SPSS Statistics does not have a built-in way to do this, so I set out to create an extension command implemented in Python for it: SPSSINC TURF. First, I decided to work with transposed data and the built-in set algebra capabilities of Python. I pass the question dataset and create a set for each question listing the case numbers that have positive responses. That's just a few lines of code.
The trickier part was figuring out how to manage all the set union calculations. It's a set of tree structures for which a little bit of recursion boils the work down to a few lines of code. My first try was getting clumsy, so I went out for a bike ride for a few hours and came back with the algorithm worked out in my head. I believe in the left-brain, right-brain approach: study something intensively; then relax or do something different, and things are much clearer when you return to the subject.

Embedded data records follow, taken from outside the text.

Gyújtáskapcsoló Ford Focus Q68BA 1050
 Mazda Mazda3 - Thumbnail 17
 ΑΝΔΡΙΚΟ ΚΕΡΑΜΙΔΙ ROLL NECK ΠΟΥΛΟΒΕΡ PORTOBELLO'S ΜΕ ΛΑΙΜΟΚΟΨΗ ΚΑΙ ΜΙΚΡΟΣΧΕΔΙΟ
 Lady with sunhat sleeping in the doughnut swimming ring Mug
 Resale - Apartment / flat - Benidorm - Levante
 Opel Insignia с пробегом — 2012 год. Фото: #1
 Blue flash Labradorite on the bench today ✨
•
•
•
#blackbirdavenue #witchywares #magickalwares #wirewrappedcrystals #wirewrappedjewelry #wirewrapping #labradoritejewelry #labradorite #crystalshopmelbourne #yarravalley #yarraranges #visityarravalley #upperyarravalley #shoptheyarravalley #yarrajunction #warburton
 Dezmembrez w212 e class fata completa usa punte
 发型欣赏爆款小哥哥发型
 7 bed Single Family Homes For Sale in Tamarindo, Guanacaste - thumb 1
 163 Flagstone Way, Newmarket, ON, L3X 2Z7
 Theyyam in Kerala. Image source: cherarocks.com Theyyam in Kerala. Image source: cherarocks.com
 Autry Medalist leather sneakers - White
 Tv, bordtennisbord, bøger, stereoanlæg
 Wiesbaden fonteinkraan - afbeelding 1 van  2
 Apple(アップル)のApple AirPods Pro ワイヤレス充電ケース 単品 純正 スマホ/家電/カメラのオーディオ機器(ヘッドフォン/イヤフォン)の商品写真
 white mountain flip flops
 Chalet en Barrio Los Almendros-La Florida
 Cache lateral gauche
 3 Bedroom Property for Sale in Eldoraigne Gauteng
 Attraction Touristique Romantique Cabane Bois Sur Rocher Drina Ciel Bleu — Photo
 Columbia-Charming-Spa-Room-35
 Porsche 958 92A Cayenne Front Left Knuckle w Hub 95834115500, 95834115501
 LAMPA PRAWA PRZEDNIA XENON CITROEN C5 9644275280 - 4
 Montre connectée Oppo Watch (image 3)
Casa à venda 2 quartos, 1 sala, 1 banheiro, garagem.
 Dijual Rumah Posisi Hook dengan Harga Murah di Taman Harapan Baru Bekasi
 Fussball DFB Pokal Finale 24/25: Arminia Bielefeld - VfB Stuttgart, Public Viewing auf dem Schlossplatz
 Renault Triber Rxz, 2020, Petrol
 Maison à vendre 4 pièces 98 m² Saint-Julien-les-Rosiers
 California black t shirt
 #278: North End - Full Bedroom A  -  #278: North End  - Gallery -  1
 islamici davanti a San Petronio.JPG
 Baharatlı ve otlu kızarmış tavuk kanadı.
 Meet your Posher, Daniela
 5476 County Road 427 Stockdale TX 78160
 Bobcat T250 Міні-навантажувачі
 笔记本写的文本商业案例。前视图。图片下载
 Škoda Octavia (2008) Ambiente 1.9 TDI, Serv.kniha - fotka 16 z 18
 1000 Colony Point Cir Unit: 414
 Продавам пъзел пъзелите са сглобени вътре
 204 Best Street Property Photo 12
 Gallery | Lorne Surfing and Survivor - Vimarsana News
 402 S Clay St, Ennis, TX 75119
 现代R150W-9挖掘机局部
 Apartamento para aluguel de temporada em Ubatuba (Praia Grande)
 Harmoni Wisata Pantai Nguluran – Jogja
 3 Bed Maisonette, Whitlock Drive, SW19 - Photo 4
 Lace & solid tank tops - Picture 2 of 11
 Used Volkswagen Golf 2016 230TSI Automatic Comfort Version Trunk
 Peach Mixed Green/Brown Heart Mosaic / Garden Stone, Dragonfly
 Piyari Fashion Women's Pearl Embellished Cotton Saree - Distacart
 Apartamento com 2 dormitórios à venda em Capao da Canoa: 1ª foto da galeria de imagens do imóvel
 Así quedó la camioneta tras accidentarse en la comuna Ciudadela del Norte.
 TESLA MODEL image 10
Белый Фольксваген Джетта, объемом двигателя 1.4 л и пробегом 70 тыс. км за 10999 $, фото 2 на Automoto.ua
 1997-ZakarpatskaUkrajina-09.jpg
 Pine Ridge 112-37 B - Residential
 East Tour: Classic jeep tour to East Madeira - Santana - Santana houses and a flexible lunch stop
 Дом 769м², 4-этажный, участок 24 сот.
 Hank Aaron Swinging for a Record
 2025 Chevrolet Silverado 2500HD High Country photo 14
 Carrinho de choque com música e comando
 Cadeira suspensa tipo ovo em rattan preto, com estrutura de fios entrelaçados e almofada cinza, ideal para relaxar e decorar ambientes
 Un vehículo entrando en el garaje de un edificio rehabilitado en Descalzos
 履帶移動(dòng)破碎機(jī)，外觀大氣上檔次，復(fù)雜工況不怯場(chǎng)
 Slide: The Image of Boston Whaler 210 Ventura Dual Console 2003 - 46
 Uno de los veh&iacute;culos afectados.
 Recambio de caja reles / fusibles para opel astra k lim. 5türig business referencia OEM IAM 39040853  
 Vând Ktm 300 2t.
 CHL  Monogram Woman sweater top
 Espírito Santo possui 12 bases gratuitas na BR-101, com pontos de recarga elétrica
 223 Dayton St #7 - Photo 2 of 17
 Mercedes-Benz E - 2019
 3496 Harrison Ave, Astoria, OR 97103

Putting this together, I finished the code, but I was worried that this task would be so computationally demanding that it would be too slow to be useful. As it turned out, though, the approach I took, heavily leveraging Python sets and some other features, runs amazingly fast. And although the sets have to fit in memory, it seems to handle pretty large problems.
I went on to create a dialog box interface using the Version 17 Custom Dialog Builder and extension command syntax using the extension mechanism, which requires a small xml file to define the syntax and uses our extension.py module to handle that interface.
So, what sort of effort did this take? Less than one day, including the bike ride. How much more productive could you be? Taking advantage of the combination of Python and SPSS together along with the CDB and other tools reduced this task to about 225 lines of code plus the dialog and xml.
I posted this to SPSS Developer Central, where it can be downloaded for free. It is written for SPSS Statistics 17, but it will work with version 16 (not including the dialog) with a small change documented in the readme file. One competing product that does this as a main feature sells for a 4-figure price.
The original version posted had a subset of the features I had thought about doing. I wanted to see what interest there might be. Within a few days I had received and implemented a few enhancement requests. By getting the first version out to the world, it was easier to see what additional features users might want. Again, higher productivity by not implementing things that would probably not be used. But maybe I'll do more later.
This experience is typical of many programmability projects, in my experience. Big results for small amounts of work. Of course, I've done this a lot, so I know all the tools and how to approach a problem. Programmability definitely requires an investment in learning the technology, but it's hard to beat the ROI.